Author: Kate Fodor
At: Theater Wit, 1229 W. Belmont Ave. Tickets: ShatteredGlobe.org, or 773-975-8150; $15-39. Runs through: May 25
In Shattered Globe's Hannah and Martin, author Kate Fodor and director Louis Contey invite audiences to look back on an era rife with questions we are no closer to answering, almost a century later. What level of involvement makes you complicit in an atrocity? If you escape punishment, what should your consequences be in the court of public opinion? Should those consequences lighten for the people we love?
At its heart, Hannah and Martin plays with perspective in a way that instills both frustration and resignation in the audience. This production explores the ideals we want our societies to uphold, and all the circumstances that make those ideals inconvenient or detrimental to us. The problem manifests when Hannah can't see the actions of her mentor as reprehensible, but has no problem condemning another person ( Drew Schad as Baldur von Schirach ) for a nearly identical crime.
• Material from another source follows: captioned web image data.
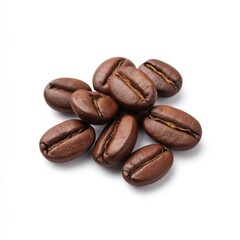 Naklejka premium Pile of coffee beans close up on white background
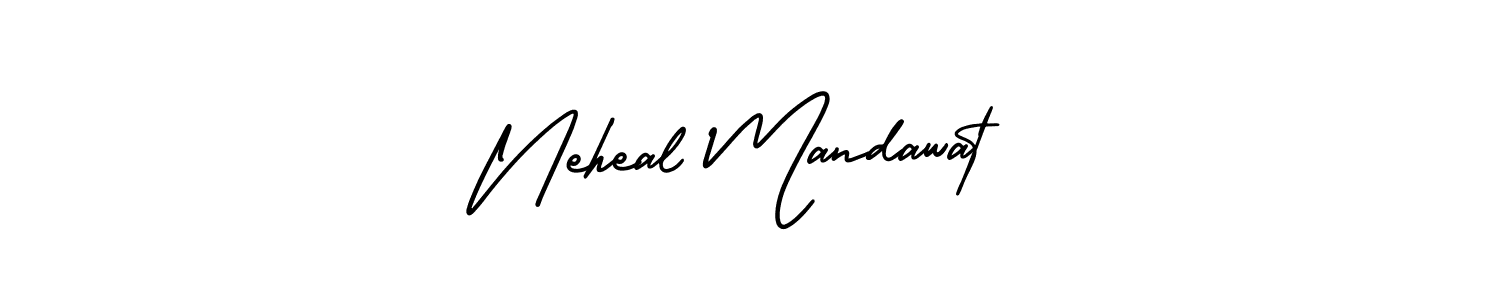 You should practise on your own different ways (AmerikaSignatureDemo-Regular) to write your name (Neheal Mandawat) in signature. don't let someone else do it for you. Neheal Mandawat signature style 3 images and pictures png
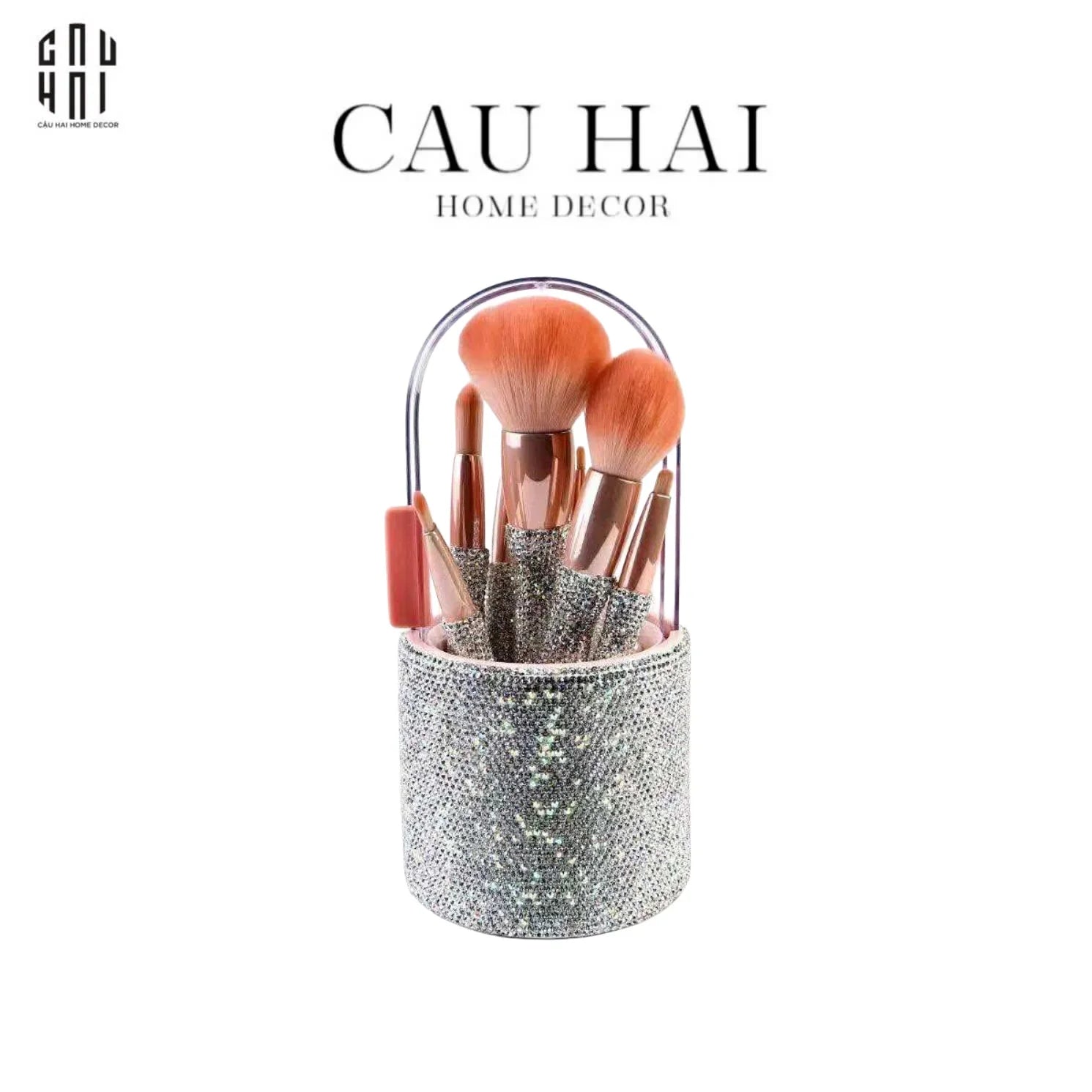 BEAUTY BOX SET 8 CỌ & BRUSH BOX MAKEUP DIAMOND BLING BLING-CẬU HAI HOME DECOR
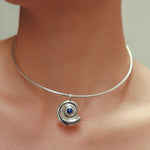 Daphine Agathe necklace in silver with Lapis Lazuli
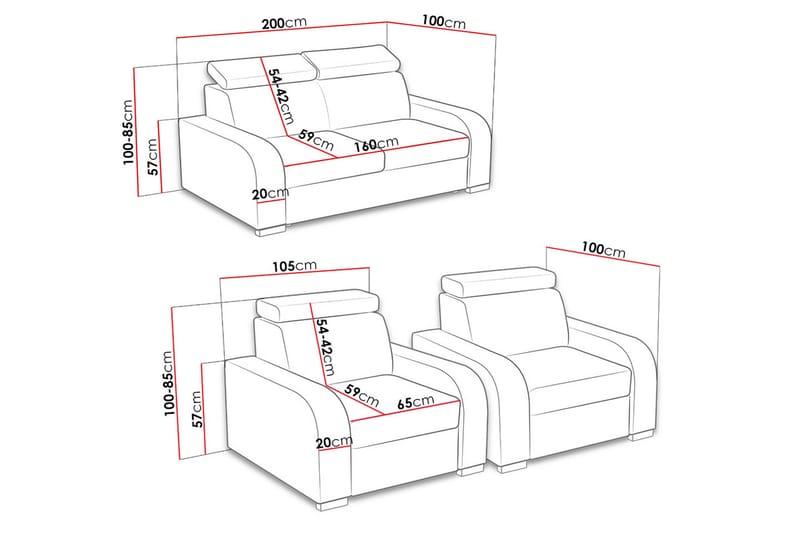 Olohuoneen kalustepaketti Oslo - Huonekalut - Kalustesetit - Olohuoneen kalustesetit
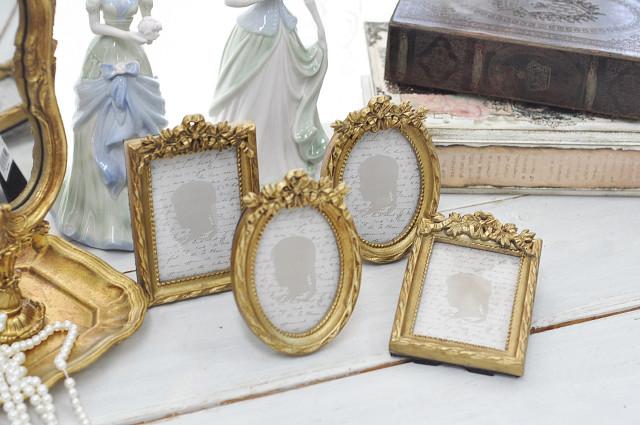［쉐비블랑체］프렌치 앤틱 탁상 벽걸이 겸용 미니 액자 골드 프레임 사진액자 촬영소품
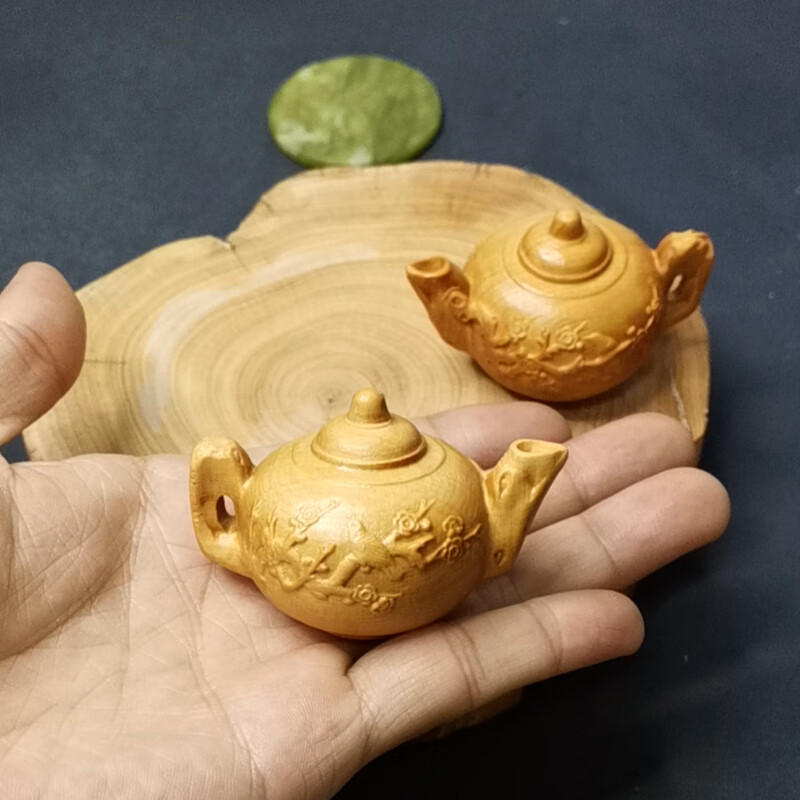 崖柏木雕手把件把把壶挂件喜上眉梢茶壶实木文玩茶宠工艺品 单个喜上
Hannah must rule out every other possibility before she'll see Martin as dangerous.
Hannah Arendt ( Christina Gorman ) is a Jewish philosophy scholar who is certain that her mentor and sometimes lover Martin Heidegger ( Lawrence Grimm ) is a genius of the highest order. In her eyes, he is eloquent, passionate, and his theories are sound. So, when Heidegger is tapped by Nazi officials to help develop their ideology, Hannah doesn't immediately condemn him, she just wants to know why. As others, like her later mentor Karl Jaspers ( Doug McDade ), her husband Gunther ( Steve Peebles ) and her own devoted student Alice ( Jazzma Pryor ) work to distance themselves from Heidegger, Hannah gives him the benefit of the doubt. To find insidiousness in his alliances now would mean having to examine their past with suspicion, too, and Hannah can't bring herself to do that.
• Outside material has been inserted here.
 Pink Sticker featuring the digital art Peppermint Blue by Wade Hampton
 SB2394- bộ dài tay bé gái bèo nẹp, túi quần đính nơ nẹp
What works for Director Louis Contey in bringing Hannah and Martin to life, is a stage picture in constant motion. Nick Mozak's intricate set, a traverse stage sandwiched by the audience, allows the actors to play with angles like a billiards game. I only wish the staging were even more intimate, building on the sense of inescapability the script traffics in so successfully. Every character shares one trait; no one can leave an argument unfinished. They'll do whatever it takes to hammer their point home.
Out of a stellar cast, two performers who lit up the stage were Steve Peebles as Hannah's irreverent and slightly audacious husband, Gunther, and Jazzma Pryor as her student with a much sturdier backbone, Alice. This production's heavy-hitters are undoubtedly Christina Gorman as Hannah Arendt and Lawrence Grimm as Martin Heidegger. They are artfully uncomfortable to watch. They both chase blindly after things that will bring them acclaim, while avoiding the personal revelations that will bring them healing.